Kid’s Country is more than a childcare center — it’s a sanctuary for a richly diverse community. The center welcomes infants through pre-K, offers after-school and drop-in care, and supports foster, adopted, Spanish-speaking, and homeless families, as well as those using subsidies and private pay. Half the families are people of color, yet every family shares the same hope: a safe place where their children can thrive.


What's occurring in the local child care sector?


The past few years have laid bare new and deeper challenges. Resilience is stretched thin across classrooms and homes as families face crises from addiction and housing instability to the trauma of national issues like immigration enforcement and police violence. These pressures show up in children’s behavior and in teachers' well-being. Even families who pay full tuition are often juggling food insecurity and other basic needs.


In response, Kid’s Country has become a hub of care and community. Krista and her team offer trauma-informed trainings, keep a resource room stocked with essentials such as food, diapers, jackets, and clothes, and build bridges to local partners — from shelters like Acres of Diamonds, family services from Take the Next Step, schools, food banks and businesses — to meet urgent needs. Small acts, like a donation of 400 winter gloves, ripple into real relief. These partnerships turn the center into a place of healing as well as learning.


What are the challenges in the local child care sector?


Krista is candid about one of the sector’s deepest wounds: chronic underpayment.

Kid's Country Learning Center
Kid's Country Learning Center

Talented, educated teachers are leaving for higher-paying jobs outside the field. Krista shared the story of a colleague from Mexico who held an early learning degree at home but had to recredential in the U.S.; after receiving her 2nd early learning degree, and because child care wages were too low, she took a job at Burger King, which paid more. These losses hurt children and communities. Krista wants society to recognize child care teachers as skilled professionals, not babysitters, and to compensate them accordingly. She emphasizes the complex, life-saving work providers do every day, from supporting babies born exposed to drugs to teaching families caregiving skills.


What solutions do child care providers support?


She calls on businesses and policymakers to act — not with platitudes but with concrete supports: incentives for businesses to provide childcare vouchers, backup care benefits, localized child care referrals, and other public-private partnerships that expand access and ease family strain.

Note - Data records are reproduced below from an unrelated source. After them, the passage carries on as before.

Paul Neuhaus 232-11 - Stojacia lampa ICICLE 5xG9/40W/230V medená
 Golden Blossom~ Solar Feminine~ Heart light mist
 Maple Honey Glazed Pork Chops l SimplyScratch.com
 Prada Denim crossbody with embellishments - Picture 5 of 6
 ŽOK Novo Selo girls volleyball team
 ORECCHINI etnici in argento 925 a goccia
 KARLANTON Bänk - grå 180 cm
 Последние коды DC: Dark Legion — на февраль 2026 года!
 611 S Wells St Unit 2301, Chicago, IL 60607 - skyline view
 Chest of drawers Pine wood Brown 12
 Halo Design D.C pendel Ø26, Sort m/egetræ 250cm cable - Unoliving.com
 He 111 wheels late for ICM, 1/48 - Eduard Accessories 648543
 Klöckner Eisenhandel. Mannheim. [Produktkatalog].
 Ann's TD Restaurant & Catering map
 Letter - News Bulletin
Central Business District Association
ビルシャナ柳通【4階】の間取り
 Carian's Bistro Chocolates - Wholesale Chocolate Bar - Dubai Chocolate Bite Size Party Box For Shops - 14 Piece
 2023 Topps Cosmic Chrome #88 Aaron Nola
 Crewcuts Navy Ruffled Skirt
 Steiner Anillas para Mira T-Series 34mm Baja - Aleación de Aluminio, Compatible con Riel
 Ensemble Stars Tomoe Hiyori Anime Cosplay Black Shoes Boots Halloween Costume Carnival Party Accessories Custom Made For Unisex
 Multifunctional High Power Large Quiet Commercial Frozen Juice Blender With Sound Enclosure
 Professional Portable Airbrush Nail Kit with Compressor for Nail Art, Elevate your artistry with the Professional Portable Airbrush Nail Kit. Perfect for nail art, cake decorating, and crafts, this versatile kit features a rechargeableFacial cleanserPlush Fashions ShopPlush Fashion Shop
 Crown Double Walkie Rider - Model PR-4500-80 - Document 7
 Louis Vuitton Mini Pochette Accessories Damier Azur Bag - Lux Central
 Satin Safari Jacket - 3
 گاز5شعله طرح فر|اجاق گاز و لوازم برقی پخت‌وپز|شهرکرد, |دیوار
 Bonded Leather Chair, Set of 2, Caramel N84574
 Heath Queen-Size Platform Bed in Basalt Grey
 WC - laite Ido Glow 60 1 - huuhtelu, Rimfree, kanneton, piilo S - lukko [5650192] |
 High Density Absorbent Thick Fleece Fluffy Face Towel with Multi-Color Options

These pragmatic steps, she says, keep parents at work and strengthen communities.


Advice for child care providers who want to transition into child care ownership?



For aspiring childcare owners, Krista offers a simple, powerful credo: listen to your community. Build services that answer real needs — emergency care, after-school programs, flexible hours, family education — and partner broadly. When a program becomes responsive and rooted in its neighborhood, it stops being just a service and becomes an indispensable pillar of the community. Krista’s work is a reminder that with commitment, compassion, and collaboration, early learning can transform lives — one child, one family, one neighborhood at a time.